Task item:
Since pictures are not part of the copy, please output only the lines from the one with "Simülatör ağırlığıyla bar" through the end of the data below, exactly as written.

++++ The input ++++

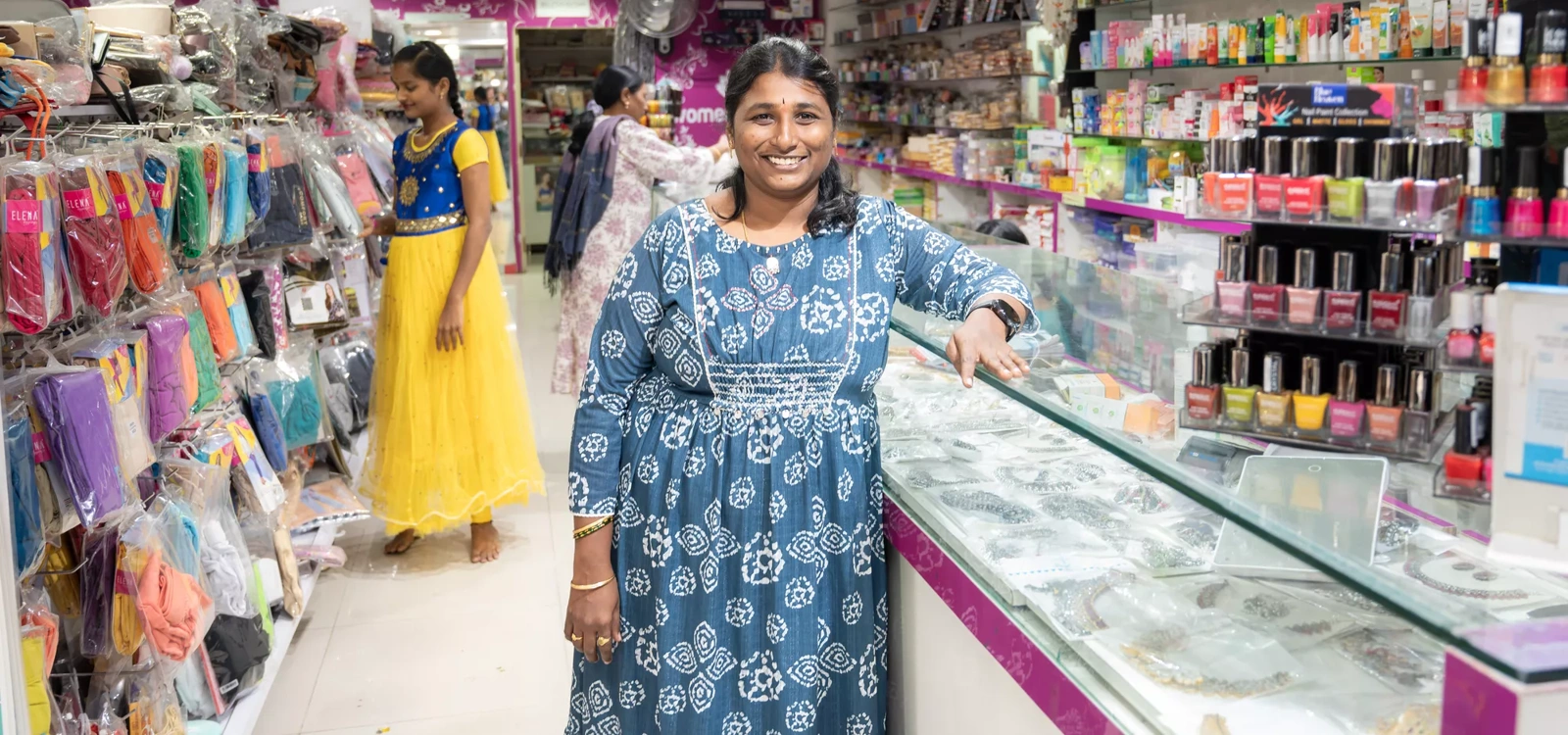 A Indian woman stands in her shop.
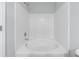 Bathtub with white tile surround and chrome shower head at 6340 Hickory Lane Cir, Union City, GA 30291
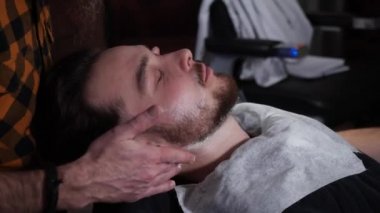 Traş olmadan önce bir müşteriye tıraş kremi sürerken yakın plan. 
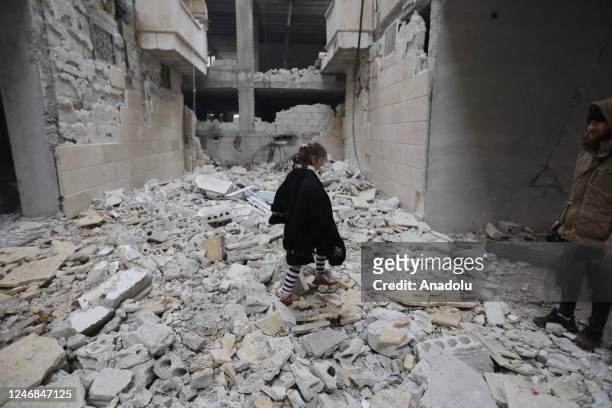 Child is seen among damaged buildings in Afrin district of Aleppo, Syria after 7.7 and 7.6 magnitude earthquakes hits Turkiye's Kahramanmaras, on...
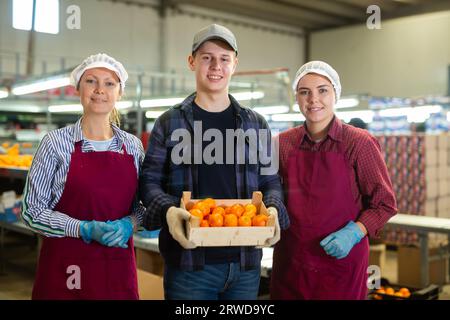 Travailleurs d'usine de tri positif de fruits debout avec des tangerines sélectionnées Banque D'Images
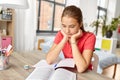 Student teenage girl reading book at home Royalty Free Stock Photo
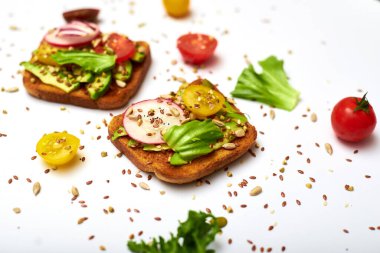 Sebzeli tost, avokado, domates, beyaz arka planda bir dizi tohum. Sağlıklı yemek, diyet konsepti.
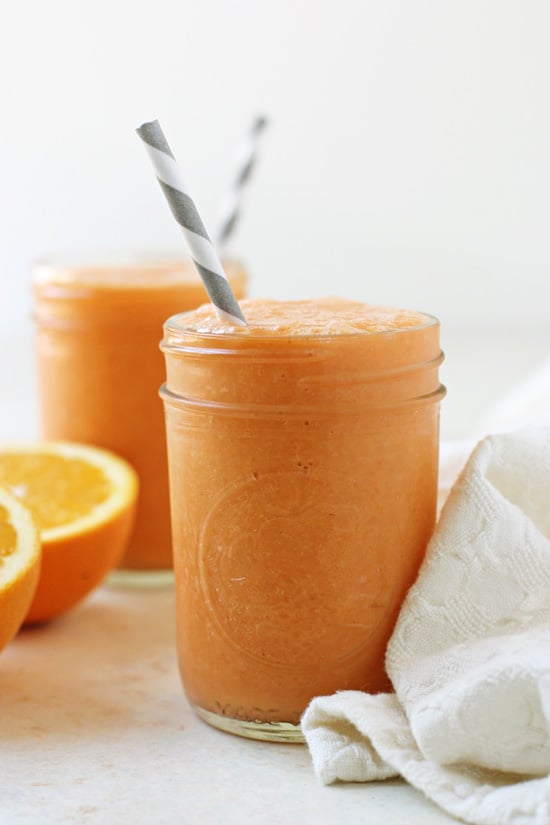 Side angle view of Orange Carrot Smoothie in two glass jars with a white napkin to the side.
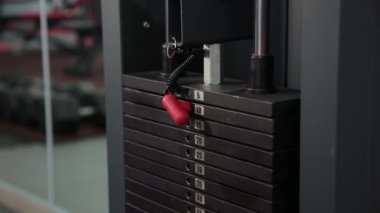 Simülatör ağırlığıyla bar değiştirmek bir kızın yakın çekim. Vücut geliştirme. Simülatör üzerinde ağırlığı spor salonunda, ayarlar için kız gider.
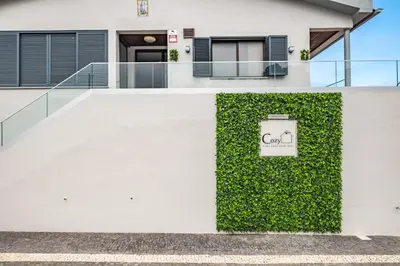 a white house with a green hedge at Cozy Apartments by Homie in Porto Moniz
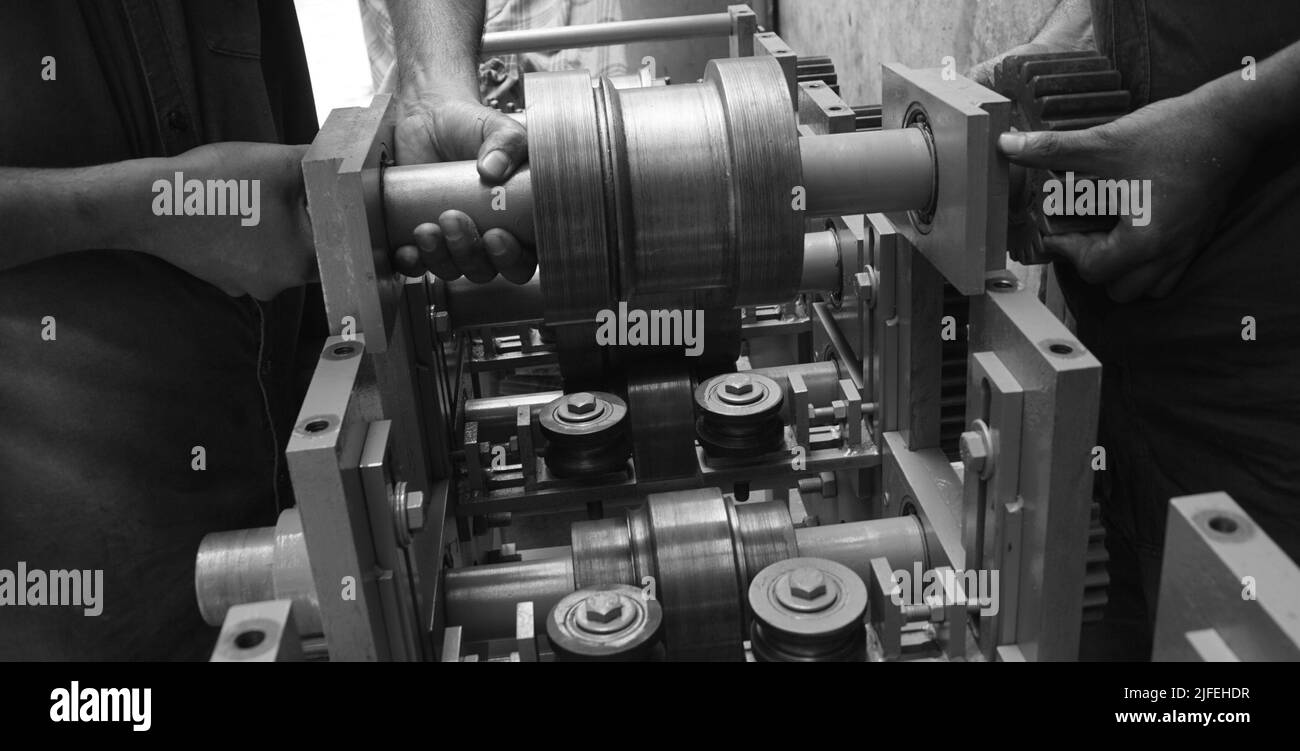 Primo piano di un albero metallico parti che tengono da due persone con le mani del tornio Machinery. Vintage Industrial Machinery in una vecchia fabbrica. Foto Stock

++++

Your response:
 Simülatör ağırlığıyla bar değiştirmek bir kızın yakın çekim. Vücut geliştirme. Simülatör üzerinde ağırlığı spor salonunda, ayarlar için kız gider.
 a white house with a green hedge at Cozy Apartments by Homie in Porto Moniz
 Primo piano di un albero metallico parti che tengono da due persone con le mani del tornio Machinery. Vintage Industrial Machinery in una vecchia fabbrica. Foto Stock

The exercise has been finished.